Pause and Look Back: 2020 Wellness Themes

Sukham Blog – A monthly column focused on health and wellbeing.

As we draw the curtains on a tumultuous year and look forward to better times in 2021, we should pause to take stock.  Let’s reflect on the year we’ve endured; acknowledge and accept the tough, troubling, earthshaking times we’ve lived through – buffeted by the pandemic, and the economic, social, and familial hardships so many of us have endured.  Grieving for the loss of a loved one and for the forfeiture of a way of life, while living through a rising tide of social and racial injustice, intolerance, and hate. Let’s acknowledge these difficult times and accept them. Accept, acknowledge, then look forward.

Let us prepare ourselves for the better times ahead with a new sense of purpose. Determine to look after ourselves and those whom we love better than we did this year. Let’s not make another New Year’s Resolution that is sure to fall by the wayside in two weeks; instead, let’s make an implementable plan we can follow every day.

Each of you knows where you must look to develop your own personal, tailored wellbeing plan – one that addresses Body, Mind, and Spirit.  To get you started, I offer some learnings from the Sukham Blog articles I wrote for India Currents this year for your review and reflection.

Article: Mitigate Chronic Inflammation (Image by Hal Gatewood at Unsplash)
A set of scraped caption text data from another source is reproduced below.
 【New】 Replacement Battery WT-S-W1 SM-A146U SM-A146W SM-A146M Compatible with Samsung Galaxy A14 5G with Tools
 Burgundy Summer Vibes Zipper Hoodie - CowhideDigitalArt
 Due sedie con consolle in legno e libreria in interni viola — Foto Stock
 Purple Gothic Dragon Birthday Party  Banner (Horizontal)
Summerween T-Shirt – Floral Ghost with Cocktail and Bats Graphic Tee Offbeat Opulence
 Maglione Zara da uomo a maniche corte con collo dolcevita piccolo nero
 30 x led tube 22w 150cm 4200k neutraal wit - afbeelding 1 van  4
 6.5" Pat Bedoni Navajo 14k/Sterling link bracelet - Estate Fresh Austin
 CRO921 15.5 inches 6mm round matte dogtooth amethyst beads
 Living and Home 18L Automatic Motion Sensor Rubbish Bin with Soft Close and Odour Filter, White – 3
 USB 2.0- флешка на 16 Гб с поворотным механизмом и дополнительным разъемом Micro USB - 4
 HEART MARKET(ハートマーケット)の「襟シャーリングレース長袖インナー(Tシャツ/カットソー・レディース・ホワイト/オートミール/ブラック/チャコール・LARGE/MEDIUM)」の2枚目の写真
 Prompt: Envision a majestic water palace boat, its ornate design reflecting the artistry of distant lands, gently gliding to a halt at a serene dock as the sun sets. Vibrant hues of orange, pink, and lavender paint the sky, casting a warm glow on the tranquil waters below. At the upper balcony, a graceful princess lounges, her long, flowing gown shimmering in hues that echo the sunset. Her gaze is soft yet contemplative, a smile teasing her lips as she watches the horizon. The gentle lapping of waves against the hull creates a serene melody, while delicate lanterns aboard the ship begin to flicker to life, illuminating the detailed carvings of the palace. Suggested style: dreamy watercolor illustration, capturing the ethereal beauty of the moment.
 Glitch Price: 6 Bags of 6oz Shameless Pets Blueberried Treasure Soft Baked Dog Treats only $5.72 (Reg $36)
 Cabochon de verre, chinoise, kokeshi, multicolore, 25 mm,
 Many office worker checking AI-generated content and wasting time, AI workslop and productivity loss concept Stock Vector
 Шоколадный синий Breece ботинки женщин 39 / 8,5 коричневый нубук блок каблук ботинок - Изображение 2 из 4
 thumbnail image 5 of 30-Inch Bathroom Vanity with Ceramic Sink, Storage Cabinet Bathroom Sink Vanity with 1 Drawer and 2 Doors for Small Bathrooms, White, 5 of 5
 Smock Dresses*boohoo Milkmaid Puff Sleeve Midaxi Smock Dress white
In Love Your Body: Mitigate Chronic Inflammation (February 2020), I described how inflammation is part of our immune system’s defensive mechanism, playing an essential role in healing and controlling infection. However, when this immune response is constantly and repeatedly triggered, this chronic inflammation can cause cumulative damage that could lead to diseases such as type-2 diabetes, heart disease, Alzheimer’s, cancer, and depression. I described what we should do to prevent chronic inflammation or mitigate its effects. Social isolation, psychological stress, disturbed sleep, chronic infections, physical inactivity, poor diet, obesity, and exposure to environmental toxins all contribute to increased chronic inflammation. Review this article, consult your doctor, and create your own 2021 roadmap to combat chronic inflammation and make lifestyle changes for a better tomorrow.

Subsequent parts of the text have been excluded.